Mastery is where challenge meets skill: a person’s work must be compelling, but not impossible; one may always make progress over time, but will never reach perfection. If a person aims too low, boredom quickly sets in, but if what one must do is greater than what one can do, it creates anxiety.12 When as business leaders we consider this aspect, we must go beyond what we enjoy doing, are good at, or even excel at—and consider what we are uniquely qualified to deliver to the market.

Lastly, autonomy is about choice: as a business leader, what environment are you playing in? Can you choose your teams, task, the time you do it, and technique for getting it done?

Pink calls the resulting passion, engagement, and “flow” states provided by this trio (motivation, mastery, and autonomy) the “Oxygen of the Soul.”13 How do we leverage a person’s existing skills and future learnings to ignite these passions? What is the “highest point of contribution”—where an individual’s passion meets their talent and at the same time fills a clear market need (see Greg McKeown’s “The Disciplined Pursuit of Less”14)?

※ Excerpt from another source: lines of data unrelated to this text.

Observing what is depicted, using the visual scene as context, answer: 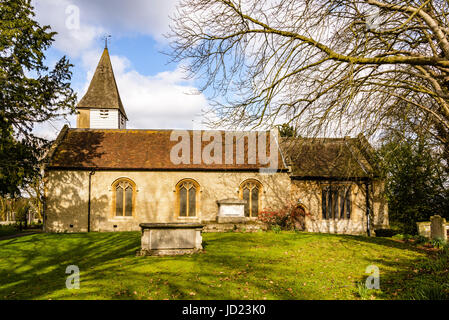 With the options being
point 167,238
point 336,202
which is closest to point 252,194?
point 336,202

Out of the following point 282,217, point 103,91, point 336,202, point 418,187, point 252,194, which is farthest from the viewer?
point 103,91

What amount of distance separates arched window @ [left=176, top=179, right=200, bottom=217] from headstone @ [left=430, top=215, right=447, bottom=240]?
534 inches

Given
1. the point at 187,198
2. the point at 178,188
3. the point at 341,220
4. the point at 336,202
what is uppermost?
the point at 178,188

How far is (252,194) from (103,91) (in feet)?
70.8

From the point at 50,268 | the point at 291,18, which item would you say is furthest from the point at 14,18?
the point at 291,18

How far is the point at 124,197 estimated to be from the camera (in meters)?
19.8

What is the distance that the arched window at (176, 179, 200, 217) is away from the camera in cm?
2003

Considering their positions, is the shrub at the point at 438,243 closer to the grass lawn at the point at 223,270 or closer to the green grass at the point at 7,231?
the grass lawn at the point at 223,270

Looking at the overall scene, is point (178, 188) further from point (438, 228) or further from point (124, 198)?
point (438, 228)

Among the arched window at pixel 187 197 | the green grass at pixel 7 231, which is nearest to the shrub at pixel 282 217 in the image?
the arched window at pixel 187 197

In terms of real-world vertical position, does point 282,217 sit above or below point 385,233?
above

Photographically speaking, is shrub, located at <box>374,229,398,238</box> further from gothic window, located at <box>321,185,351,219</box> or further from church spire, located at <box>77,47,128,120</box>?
church spire, located at <box>77,47,128,120</box>

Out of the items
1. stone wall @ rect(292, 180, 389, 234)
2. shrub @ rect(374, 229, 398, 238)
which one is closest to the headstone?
shrub @ rect(374, 229, 398, 238)

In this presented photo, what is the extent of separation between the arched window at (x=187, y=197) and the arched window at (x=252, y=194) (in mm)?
3282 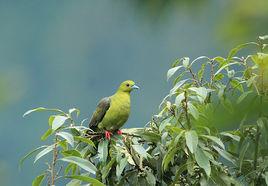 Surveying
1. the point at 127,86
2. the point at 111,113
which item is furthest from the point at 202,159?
the point at 127,86

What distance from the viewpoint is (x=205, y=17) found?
42 cm

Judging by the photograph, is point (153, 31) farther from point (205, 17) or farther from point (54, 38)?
point (54, 38)

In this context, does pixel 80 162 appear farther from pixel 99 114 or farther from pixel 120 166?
pixel 99 114

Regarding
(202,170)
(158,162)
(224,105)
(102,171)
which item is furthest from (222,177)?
(224,105)

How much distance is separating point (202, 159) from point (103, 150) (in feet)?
1.34

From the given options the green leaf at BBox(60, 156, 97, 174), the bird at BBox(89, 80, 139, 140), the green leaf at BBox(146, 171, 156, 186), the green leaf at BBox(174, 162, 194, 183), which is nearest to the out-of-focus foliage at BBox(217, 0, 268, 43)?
the green leaf at BBox(60, 156, 97, 174)

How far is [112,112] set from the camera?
97.7 inches

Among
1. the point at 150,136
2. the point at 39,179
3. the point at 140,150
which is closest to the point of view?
the point at 39,179

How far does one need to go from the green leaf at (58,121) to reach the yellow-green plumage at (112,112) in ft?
1.81

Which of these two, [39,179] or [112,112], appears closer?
[39,179]

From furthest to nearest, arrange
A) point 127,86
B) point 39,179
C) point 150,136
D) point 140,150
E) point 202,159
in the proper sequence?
1. point 127,86
2. point 150,136
3. point 140,150
4. point 202,159
5. point 39,179

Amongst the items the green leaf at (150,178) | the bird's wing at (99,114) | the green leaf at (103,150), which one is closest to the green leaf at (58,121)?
the green leaf at (103,150)

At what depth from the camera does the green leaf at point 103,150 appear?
191 cm

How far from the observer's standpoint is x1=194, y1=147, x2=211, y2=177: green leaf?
1.65 meters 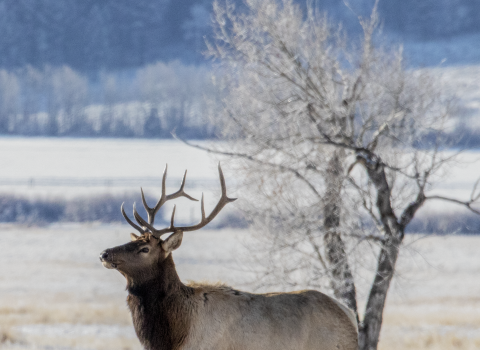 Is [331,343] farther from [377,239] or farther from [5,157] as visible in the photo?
[5,157]

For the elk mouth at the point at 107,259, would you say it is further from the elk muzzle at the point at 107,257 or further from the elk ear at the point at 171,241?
the elk ear at the point at 171,241

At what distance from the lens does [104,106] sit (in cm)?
9419

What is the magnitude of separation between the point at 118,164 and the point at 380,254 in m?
52.4

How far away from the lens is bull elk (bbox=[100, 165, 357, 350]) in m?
5.66

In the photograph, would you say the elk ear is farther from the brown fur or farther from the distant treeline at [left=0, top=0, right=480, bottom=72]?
the distant treeline at [left=0, top=0, right=480, bottom=72]

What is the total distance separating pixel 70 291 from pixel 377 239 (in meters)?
13.5

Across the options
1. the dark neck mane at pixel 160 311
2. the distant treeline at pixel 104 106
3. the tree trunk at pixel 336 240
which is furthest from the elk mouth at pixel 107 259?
the distant treeline at pixel 104 106

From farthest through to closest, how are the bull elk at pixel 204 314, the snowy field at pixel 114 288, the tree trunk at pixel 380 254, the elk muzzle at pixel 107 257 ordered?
1. the snowy field at pixel 114 288
2. the tree trunk at pixel 380 254
3. the bull elk at pixel 204 314
4. the elk muzzle at pixel 107 257

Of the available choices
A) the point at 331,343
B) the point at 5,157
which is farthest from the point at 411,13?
the point at 331,343

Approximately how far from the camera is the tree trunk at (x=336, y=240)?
1046cm

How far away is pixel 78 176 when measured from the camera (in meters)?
53.8

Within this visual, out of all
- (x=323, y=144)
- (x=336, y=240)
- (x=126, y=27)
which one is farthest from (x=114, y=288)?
(x=126, y=27)

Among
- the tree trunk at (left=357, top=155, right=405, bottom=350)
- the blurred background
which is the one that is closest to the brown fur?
the tree trunk at (left=357, top=155, right=405, bottom=350)

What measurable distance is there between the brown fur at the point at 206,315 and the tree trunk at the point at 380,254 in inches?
183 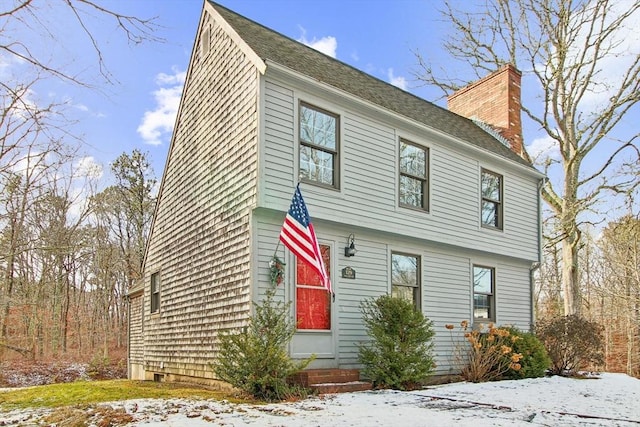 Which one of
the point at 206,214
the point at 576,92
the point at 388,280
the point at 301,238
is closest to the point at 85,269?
the point at 206,214

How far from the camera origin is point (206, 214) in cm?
1031

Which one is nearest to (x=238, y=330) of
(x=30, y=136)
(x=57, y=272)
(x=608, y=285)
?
(x=30, y=136)

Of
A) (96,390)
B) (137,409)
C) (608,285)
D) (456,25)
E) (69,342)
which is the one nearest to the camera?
(137,409)

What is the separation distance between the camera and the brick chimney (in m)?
15.2

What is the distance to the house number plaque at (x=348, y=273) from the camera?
9.36 m

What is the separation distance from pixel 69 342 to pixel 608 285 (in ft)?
82.4

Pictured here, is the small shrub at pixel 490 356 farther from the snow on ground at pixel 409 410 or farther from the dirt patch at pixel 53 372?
the dirt patch at pixel 53 372

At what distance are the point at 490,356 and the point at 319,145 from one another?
17.6 ft

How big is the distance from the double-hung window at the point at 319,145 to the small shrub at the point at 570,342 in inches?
259

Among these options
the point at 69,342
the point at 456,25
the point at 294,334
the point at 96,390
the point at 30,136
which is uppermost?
the point at 456,25

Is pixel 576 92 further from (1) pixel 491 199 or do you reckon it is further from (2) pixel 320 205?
(2) pixel 320 205

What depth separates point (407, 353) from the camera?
869 centimetres

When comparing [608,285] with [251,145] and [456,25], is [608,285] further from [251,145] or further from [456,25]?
[251,145]

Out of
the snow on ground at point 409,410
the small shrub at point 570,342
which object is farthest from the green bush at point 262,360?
the small shrub at point 570,342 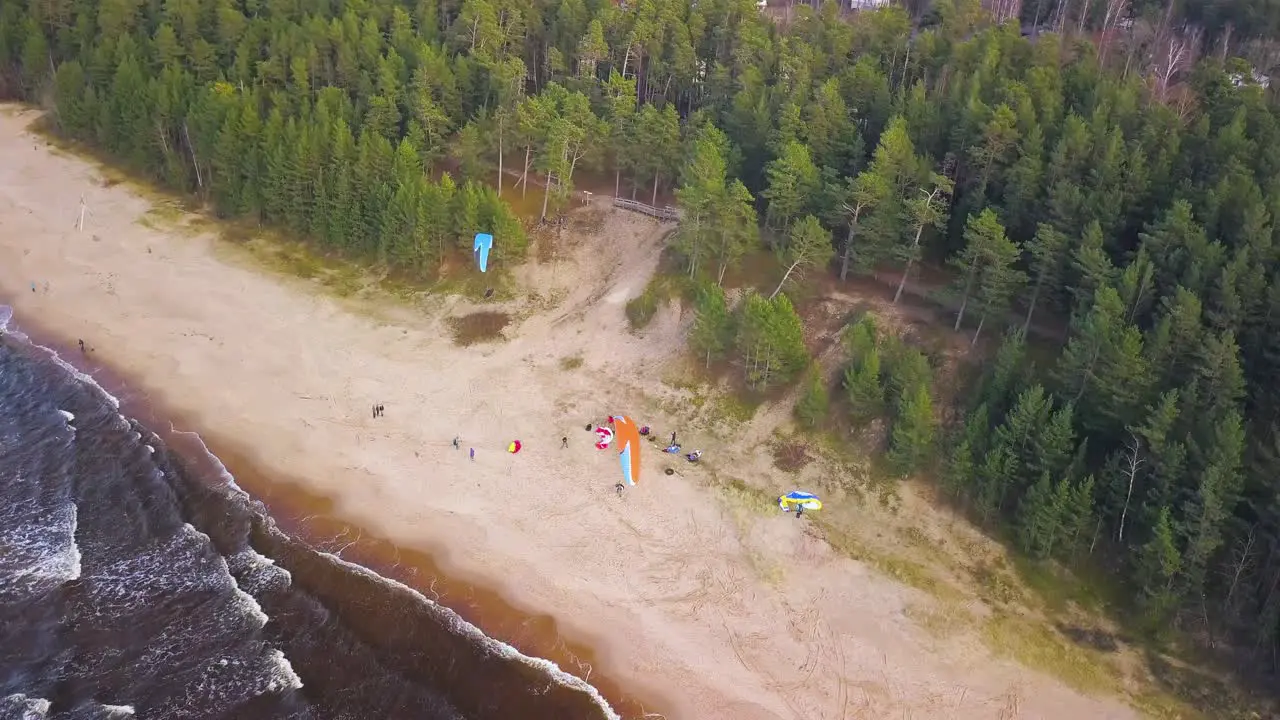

Next, evaluate the time horizons needed to develop excellence in the chosen career. Popularized by Malcolm Gladwell in his book, Outliers: The Story of Success,15 the “10,000-Hour Rule” was based on a study by Anders Ericsson16 which finds that greatness requires enormous time investments and that expert performers acquire superior execution through extended deliberate practice: focused, high concentration practice beyond the person’s normal comfort zone.

Gladwell uses examples of the Beatles’ musical talents being honed in the basements of Hamburg and Bill Gates’s computer savvy starting with real-time programming on a time-shared computer in the eighth grade; medicine, music, chess, and sports all can provide similar examples of the development of such virtuosity and expertise. According to his theory, individuals must find something they genuinely enjoy doing and have some skill at, and that the market has a need for; as they keep learning by consistently investing time and practice, a decade later some advanced-level expertise will emerge.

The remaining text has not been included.